Connecting texts across folios
Another example is at folio 45v, where we find a long marginal addition on the upper right side. The note is directly related to the question which begins on this very folio and is attributed to a certain Master Leonard (Magister Lionhardus): Utrum voluntas possit peccare sine previo iudicii errore (Whether the will can sin without a previous error of judgement). This fragment does not seem to fit anywhere in the main text of the questio. It is an extra comment in which the temporal and causal relation between the deviation from right reason and sin is analysed. Said note ends abruptly with the text quere in tertio folio sequenti in fine (go to the end of the third folio after this one), accompanied by a non-textual graphic sign.
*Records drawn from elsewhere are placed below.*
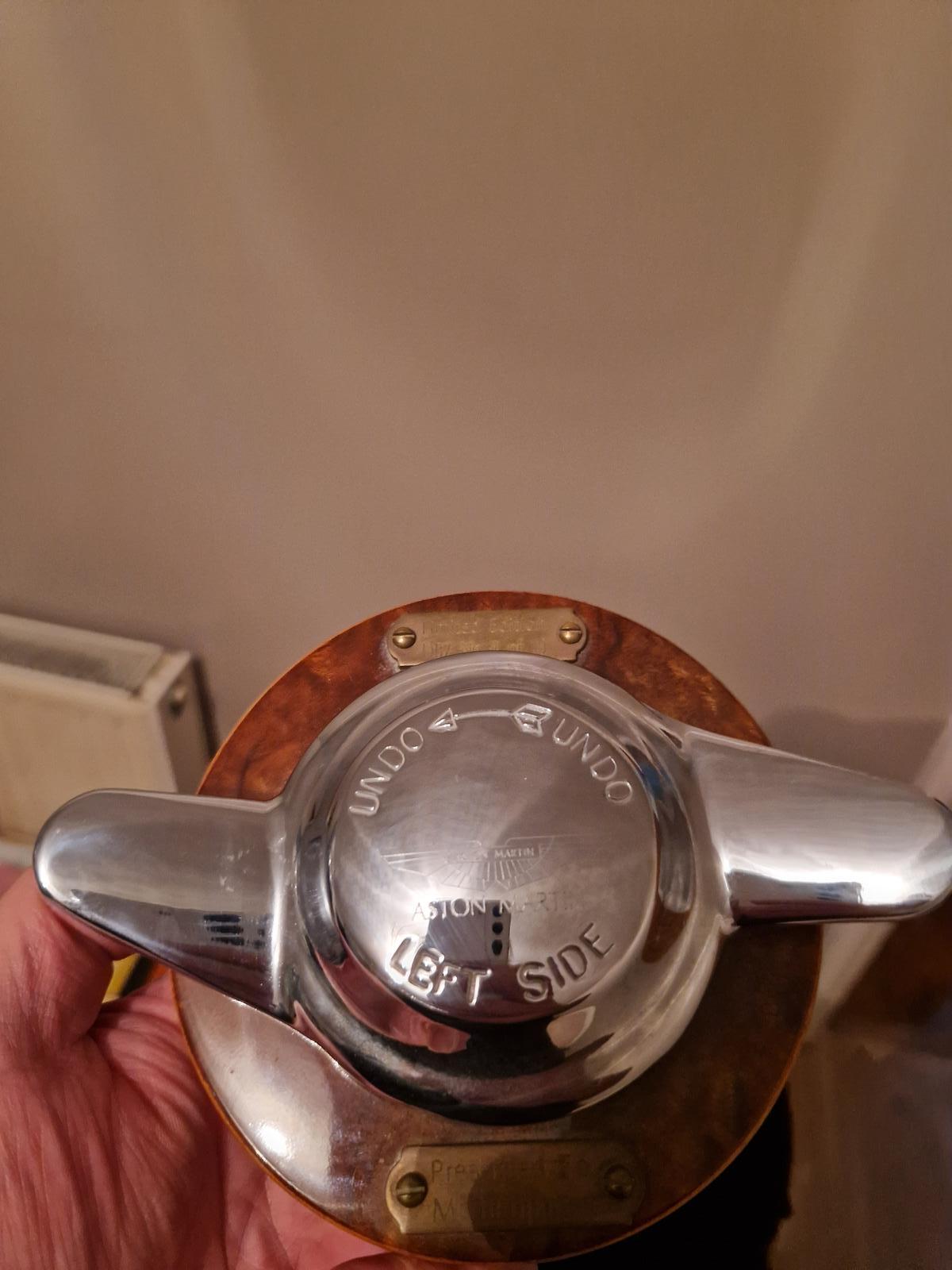 Aston Martin  DB5 Wheel Spinner Mounted (1 of 1)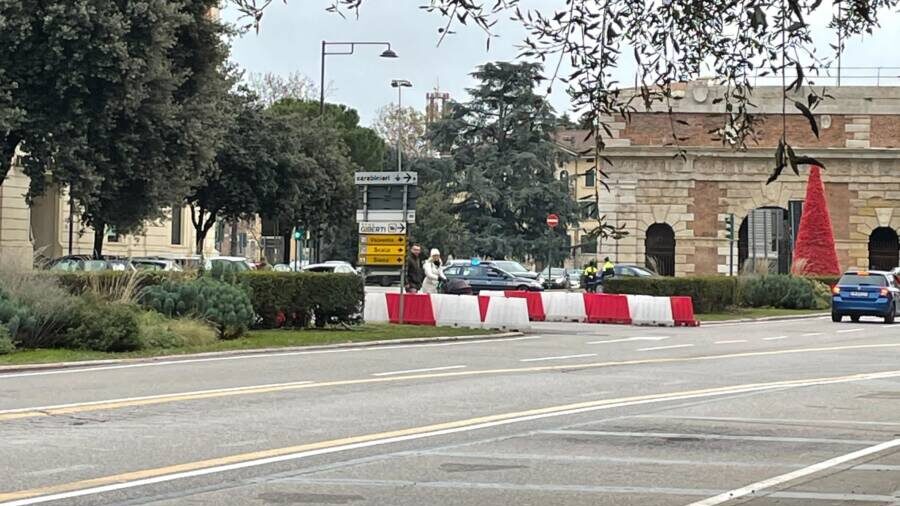 Corso Porta Nuova chiuso per sicurezza (8.12.2023)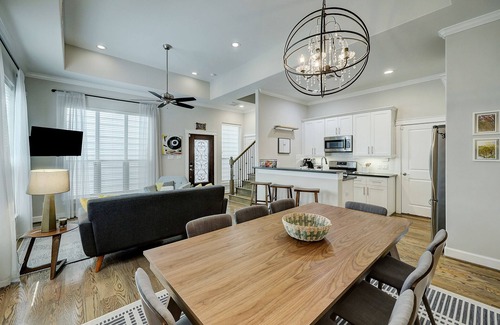Shady Acres Casa | +Prime HTX Heights Location +Walkable to Dining/Coffee +King/Queen & Bunk Rooms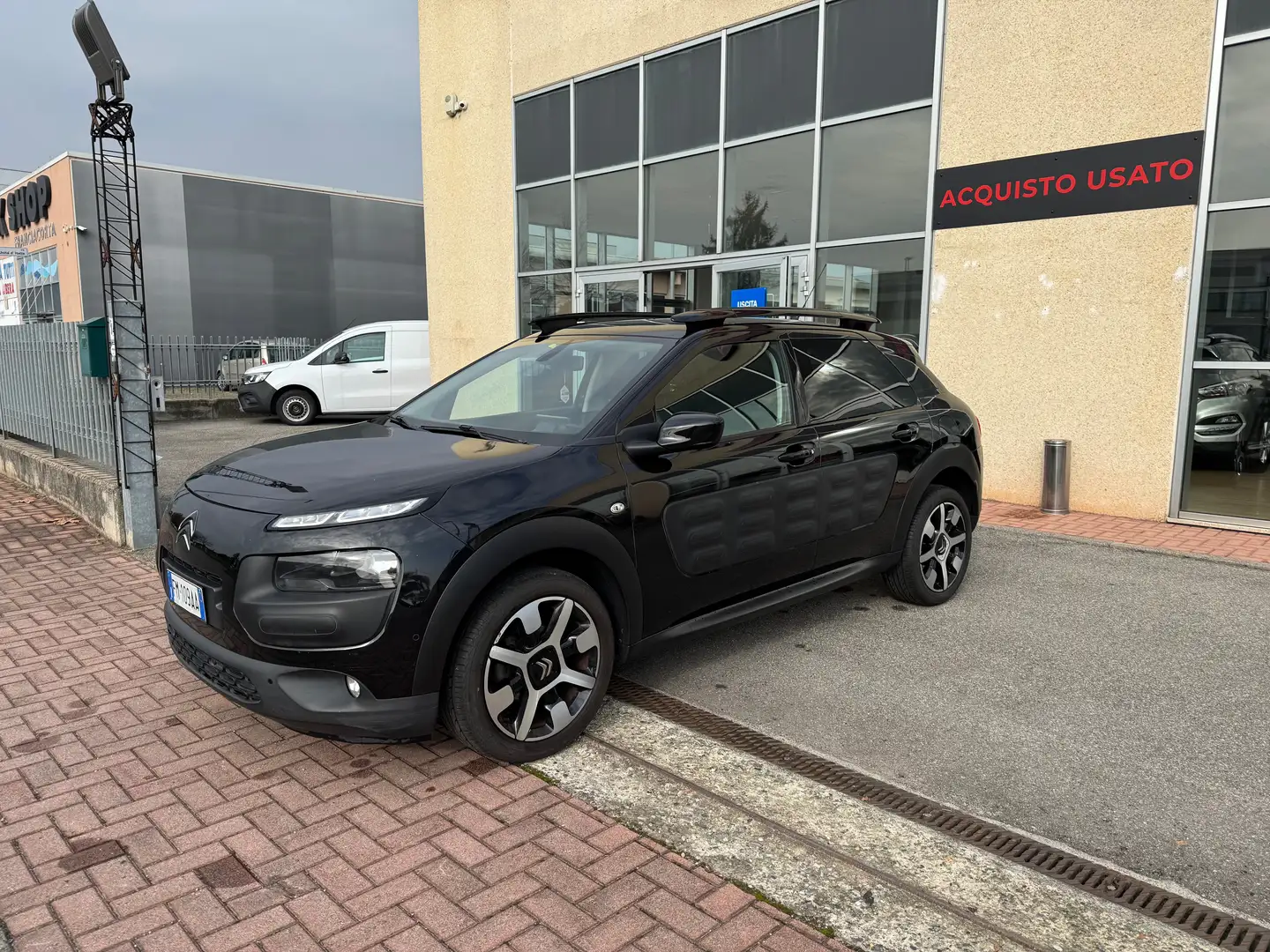 Citroen C4 Cactus 1.6 bluehdi100cv. Euro 6B Noir - 2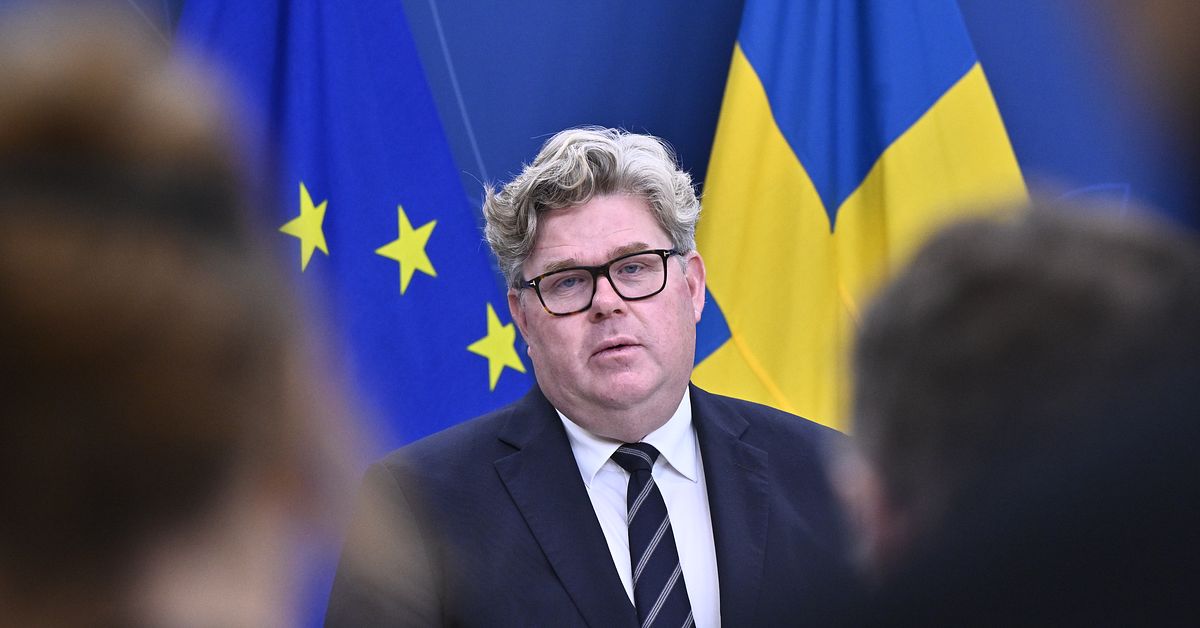 Str&ouml;mmer (M) samlar partier om g&auml;ngbrott &ndash; diskuterar &aring;terkallat medborgarskap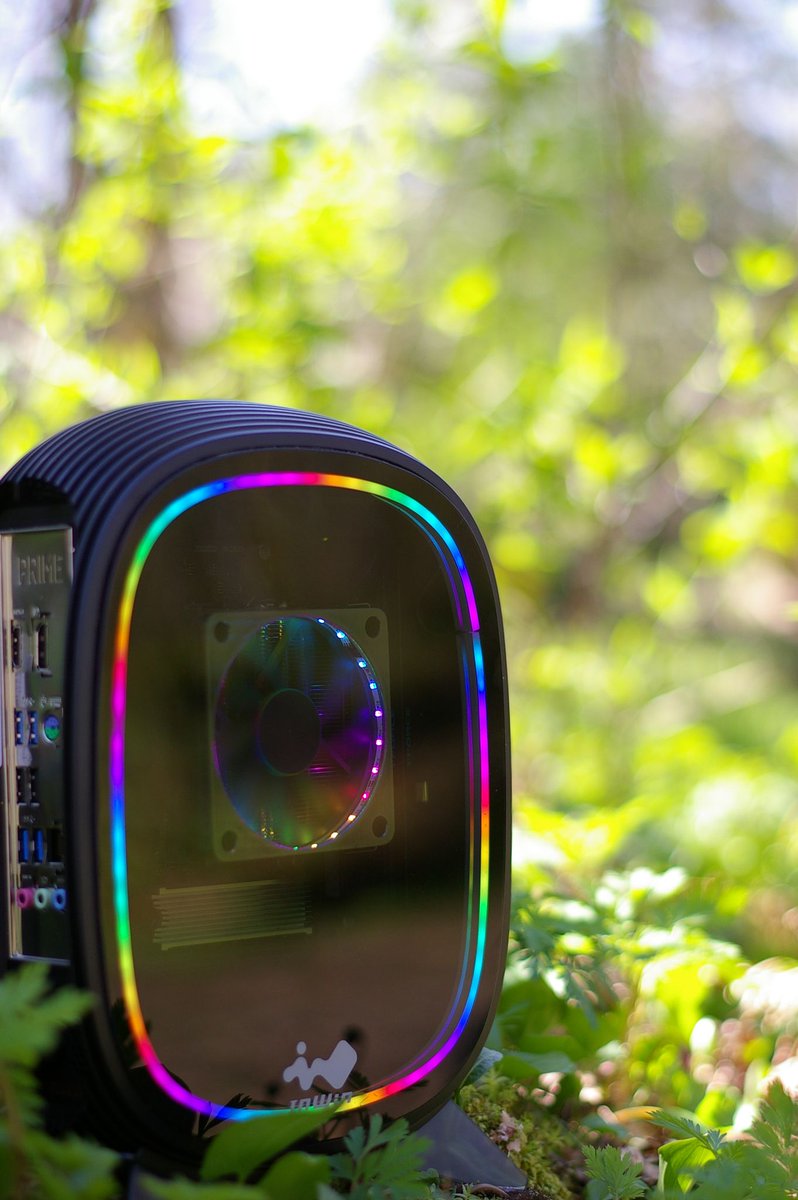 InWin's tweet image. When people say, "go outside!" This is the best rebuttal. Kuddos to #Tpbmods for this awesome #InWin B1 #CaseMod and photoshoot!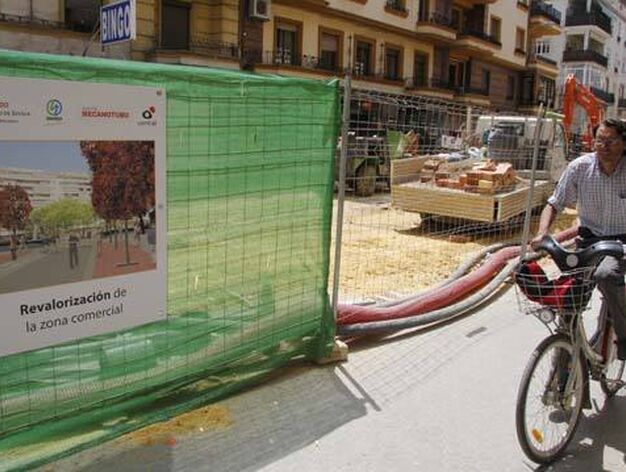 Un ciclista pasa por la zona acotada por la obra.

Foto: Victoria Hidalgo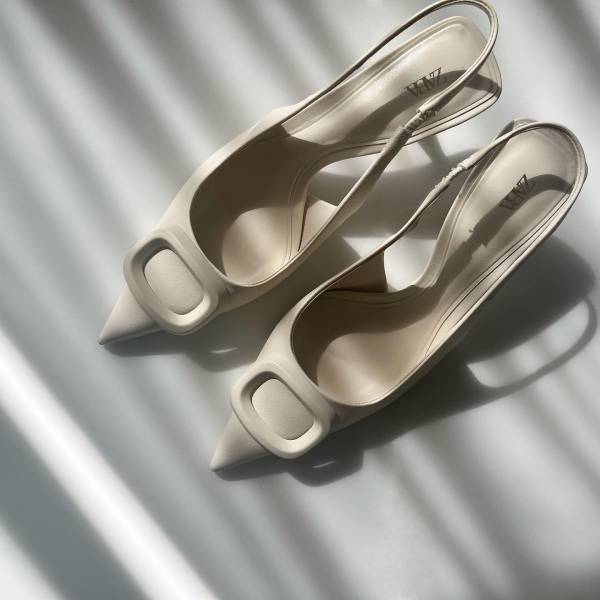 「これ履いたらコーデ完成」！！【ZARA】「何にでも合わせやすい」”春シューズ”がめちゃ可愛い！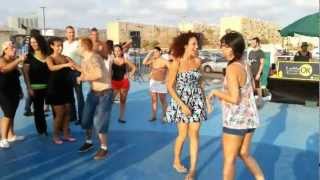 LatinO-K - הרקדת סלסה בים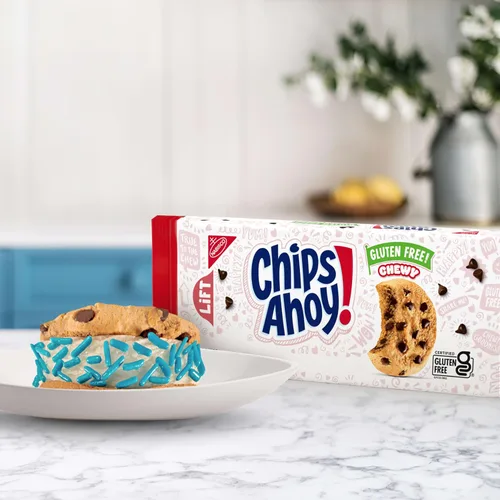Miniatura 9 de CHIPS AHOY! Galletas masticables sin gluten con chispas de chocolate fudgy, 9.75 oz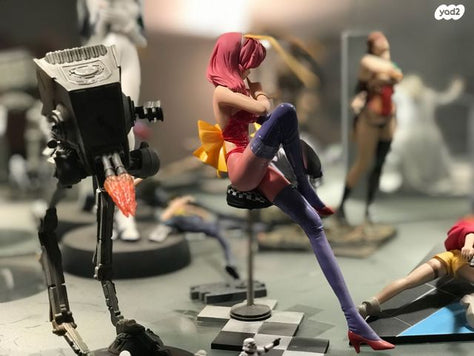 אוסף של action figures ופסלים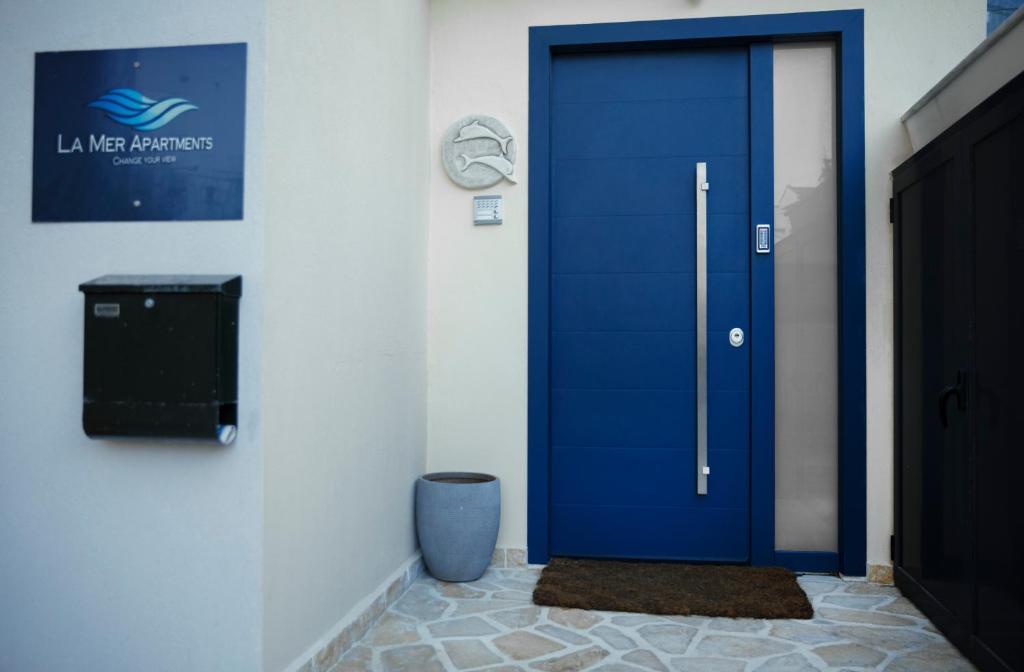 La Mer Apartments - 3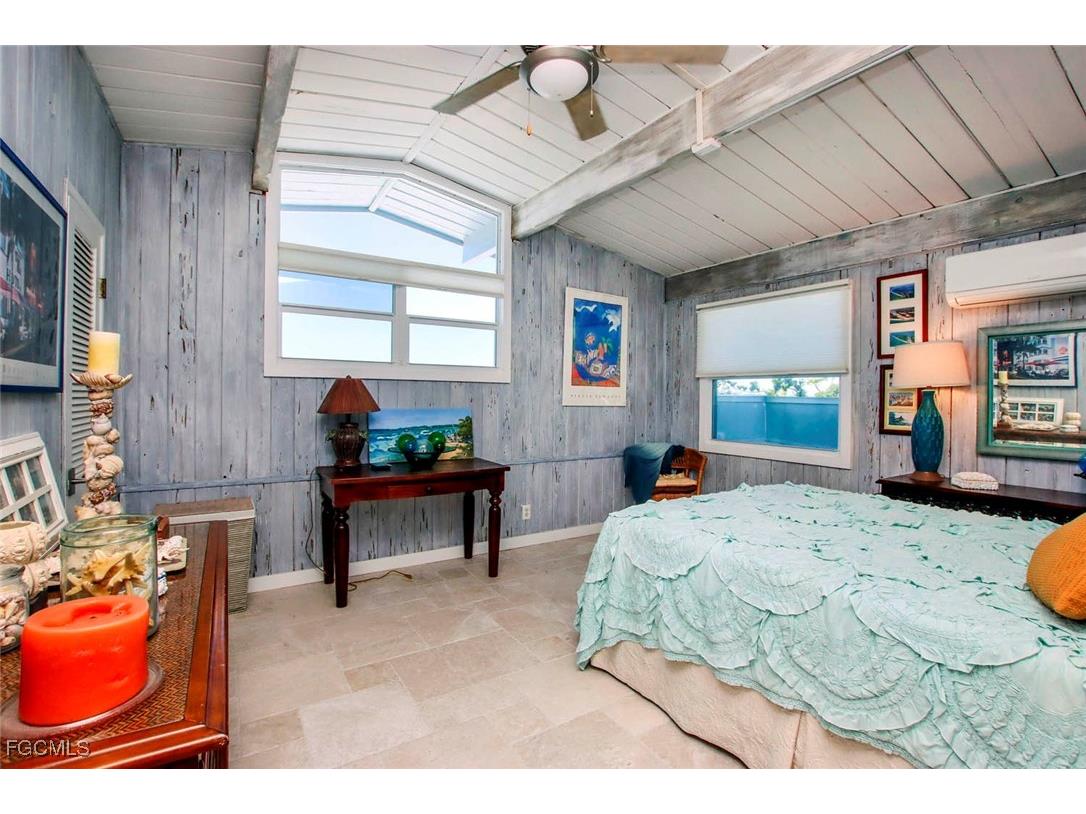 2667 Coconut Drive Sanibel FL 33957 2025019436 image15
And indeed, just three folios later, i.e. towards the end of folio 48v, the same non-textual graphic sign reappears, indicating to the diligent reader that the two pieces of this textual puzzle should be connected and read as a whole. It is accompanied by the explanation ad materiam precedentis tertii folii (regarding the matter of the third folio before this one). From the point of view of the content, this is a reasonable continuation of the first fragment, since it further analyses what it would mean for a sin to precede a deviation from reason and for the will to be moved directly by the senses, without any involvement of the intellect.
ad materiam precedentis tertii folii
It has already been established that in MS. Basel, A X 44, non-textual graphic signs are heavily used to indicate connections between texts on different folios.
But what are we to do with those signs which don’t seem to have a pair? In the absence of any definitive evidence, we can suggest two possibilities: either these particular fragments are connected via the sign to texts in other manuscripts, or they are connected to other sections of MS. Basel, A X 44, but the scribe simply forgot to draw the corresponding graphic sign. But this is mere speculation.
Such a graphic sign can be found at f. 52bv:
The sign seen on the left is not repeated again in our manuscript.
This is also the case with the following sign on f. 59v, which is accompanied by: de hoc require alibi; et incipit ‘et non est facile videre’ (you must look elsewhere for this, and [the relevant section] begins with ‘and it is not easy to see’).
The diversity and richness of our manuscript’s internal references are a real modus legendi. Reconstructing their original structure is the only way to ensure a faithful reading of both the text and its context. Marginal notes, whether clear or obscure, create a challenging dynamic that reminds us that the scribe was human, with his own faults and quirks that we’re fortunate enough to be able to recreate – most of the time!